Grant-funded Project Nr. 175/1999/B-FYZ/MFF
Final Report

Project title:Exciton transfer and electron transport in photosynthesis
Research leader:Doc.RNDr. Jan Hála, DrSc.
Co-researcher: RNDr. Antonín Svoboda, CSc.; RNDr. Martin Vácha, CSc.; Jakub Pšenčík, Dr.; Tomáš Polívka, Dr.; RNDr. Roman Dědic, Ph.D.; RNDr. Miroslav Lovčinský, Ph.D.; Veronika Brázdová; Alexander Molnár; Pavel Klinger
Period of project:1999-2001
Overall grant:430 000 CZK

Project Results

Chlorophylls (Chl), pheophytines (Pheo) and carotenes (Car) are main photosynthetic pigments of the photosystem 2 reaction centers (RC PS2). They play a crucial role in excited energy transfer and in electron transport. In this project we report on both resonant and off-resonant hole burning low temperature absorption and fluorescence spectra. The resonant narrow zero phonon holes together with broad off-resonant holes were burnt into Qy absorption bands, while very broad off-resonant satellite holes were observed in Qx absorption transitions. Resonant spectral hole burning enabled to determine excited state lifetimes calculated from widths of resonant zero phonon holes. These values reflected ultrafast exciton migration within the RC PS2 containing (5 and 6) Chl a, (2) Pheo a and (1) beta-Car. This technique enabled to distinguish between satellite holes of Chl a and Pheo a and consequently to localize spectral bands of both Pheo a in the complex Qy absorption spectrum of RC PS2. The resonant holes were observed together with their vibronic satellites burnt both into absorption and fluorescence spectra of the RC. This technique provided moreover Debye-Waller factor and mean frequency of protein phonons, which characterized the pigment-protein interactions. The phenomenon of laser induced hole-filling of primary hole after burning of secondary holes at different wavelengths was used to study fast deexcitation processes.

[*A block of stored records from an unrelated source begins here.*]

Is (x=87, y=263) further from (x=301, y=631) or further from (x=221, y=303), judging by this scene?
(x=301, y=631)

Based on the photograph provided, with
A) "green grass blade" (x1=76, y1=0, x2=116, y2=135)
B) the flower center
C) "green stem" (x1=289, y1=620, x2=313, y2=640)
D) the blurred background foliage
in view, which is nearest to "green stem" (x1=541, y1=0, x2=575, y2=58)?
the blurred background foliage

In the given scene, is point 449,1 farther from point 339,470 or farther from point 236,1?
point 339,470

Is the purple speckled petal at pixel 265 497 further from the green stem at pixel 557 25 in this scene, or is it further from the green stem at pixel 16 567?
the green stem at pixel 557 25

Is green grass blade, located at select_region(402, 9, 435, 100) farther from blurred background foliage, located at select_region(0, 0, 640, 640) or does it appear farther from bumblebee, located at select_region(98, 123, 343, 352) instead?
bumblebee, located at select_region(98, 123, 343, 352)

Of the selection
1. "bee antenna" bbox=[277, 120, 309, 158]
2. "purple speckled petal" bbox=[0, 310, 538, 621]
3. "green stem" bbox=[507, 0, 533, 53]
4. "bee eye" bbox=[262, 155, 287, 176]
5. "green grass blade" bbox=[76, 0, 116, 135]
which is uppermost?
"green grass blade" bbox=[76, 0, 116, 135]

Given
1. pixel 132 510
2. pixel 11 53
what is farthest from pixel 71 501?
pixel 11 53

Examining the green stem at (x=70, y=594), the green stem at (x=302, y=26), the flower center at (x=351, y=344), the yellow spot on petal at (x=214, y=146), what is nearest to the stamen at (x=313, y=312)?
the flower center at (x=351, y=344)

The synthesis of supplementary chlorophyll-binding proteins is a common response of various microorganisms to environmental stresses. The cyanobacteria Synechococcus elongatus grown under the lack of iron produces the protein called CP34 which is generally considered to act as an auxiliary light harvesting complex in primary  photosynthetic processes. A study of vibrations, electron-phonon coupling, and excitation energy transfer in CP34 was based on systematic measurements of low temperature site selection fluorescence spectra. The spectral data obtained under nonselective blue excitation (into B absorption band of Chl a) were compared to selectively red excited (into Qy absorption band of Chl a) ones. The frequencies of normal vibrations were determined from site selection spectra excited at different wavelengths between 660 and 690 nm. Their values obtained in CP34 were compared to those observed in chlorophyll-protein complexes of RC PS2.

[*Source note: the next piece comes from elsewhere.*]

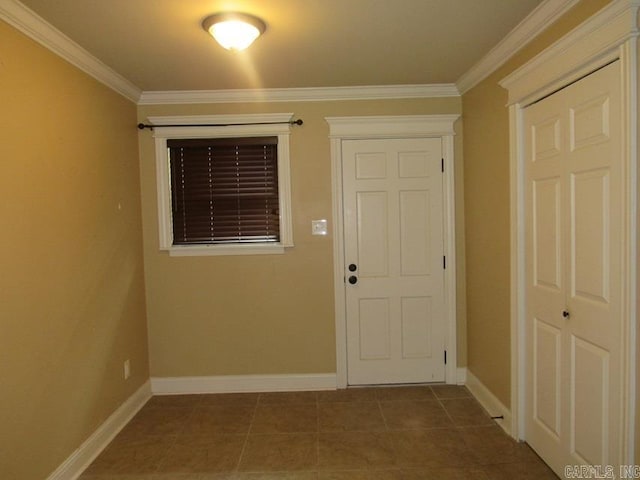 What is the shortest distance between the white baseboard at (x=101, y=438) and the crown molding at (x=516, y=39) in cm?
354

The role of Car in chlorosomes of the green sulfur bacterium Chlorobium phaeobacteroides, containing bacteriochlorophyll e (BChl e) and the Car isorenieratene as main pigments, was studied by steady-state fluorescence excitation, picosecond single-photon timing and femtosecond transient absorption (TA) spectroscopy. It was shown that the lifetime of Car S1 state was ~10 ps. Based on this lifetime, we concluded that the involvement of this state in energy transfer is unlikely. Furthermore, evidence was attained for the presence of an ultrafast (<100 fs) energy transfer process from the S2 state of Cars to BChls in control chlorosomes. Using two time-resolved techniques, we further found that the absence of Cars leads to overall slower decay kinetics probed within the Qy band of BChl e aggregates, and that two time constants are generally required to describe energy transfer from aggregated BChl e to baseplate BChl a.

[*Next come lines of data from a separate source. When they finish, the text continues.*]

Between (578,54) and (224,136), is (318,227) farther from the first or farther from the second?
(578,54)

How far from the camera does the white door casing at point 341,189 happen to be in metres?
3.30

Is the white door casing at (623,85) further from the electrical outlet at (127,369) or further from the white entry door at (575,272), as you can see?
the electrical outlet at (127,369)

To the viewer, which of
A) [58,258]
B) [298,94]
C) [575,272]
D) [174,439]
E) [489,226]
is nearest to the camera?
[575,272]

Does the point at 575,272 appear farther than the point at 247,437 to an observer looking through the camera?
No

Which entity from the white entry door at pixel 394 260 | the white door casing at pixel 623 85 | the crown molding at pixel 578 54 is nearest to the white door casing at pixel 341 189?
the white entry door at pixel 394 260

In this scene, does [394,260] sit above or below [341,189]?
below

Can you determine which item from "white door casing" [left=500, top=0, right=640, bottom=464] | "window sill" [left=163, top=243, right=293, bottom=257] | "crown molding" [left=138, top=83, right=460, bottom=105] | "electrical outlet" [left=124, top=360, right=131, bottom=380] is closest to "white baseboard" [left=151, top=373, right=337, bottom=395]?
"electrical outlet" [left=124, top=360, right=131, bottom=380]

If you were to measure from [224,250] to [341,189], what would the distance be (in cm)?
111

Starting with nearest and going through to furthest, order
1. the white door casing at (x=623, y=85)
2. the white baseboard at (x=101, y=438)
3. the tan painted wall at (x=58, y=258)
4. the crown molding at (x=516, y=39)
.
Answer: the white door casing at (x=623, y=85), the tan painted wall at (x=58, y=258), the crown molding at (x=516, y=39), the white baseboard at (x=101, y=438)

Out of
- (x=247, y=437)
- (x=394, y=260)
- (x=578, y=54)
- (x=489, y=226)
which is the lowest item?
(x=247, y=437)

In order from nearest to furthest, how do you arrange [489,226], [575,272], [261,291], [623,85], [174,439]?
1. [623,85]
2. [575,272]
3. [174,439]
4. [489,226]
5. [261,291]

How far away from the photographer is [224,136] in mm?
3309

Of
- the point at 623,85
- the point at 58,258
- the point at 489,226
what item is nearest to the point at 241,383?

Time resolved measurements of the singlet oxygen (1269 nm) luminescence were used to follow the kinetics and efficiency of excitation energy transfer between Chl derivatives and oxygen. The results have shown that the efficiency of excitation energy transfer from Chl to oxygen is highly dependent on the central ion in the pigment. The results are discussed in the context of the oxidative stress accompanying heavy metal induced stress in plants.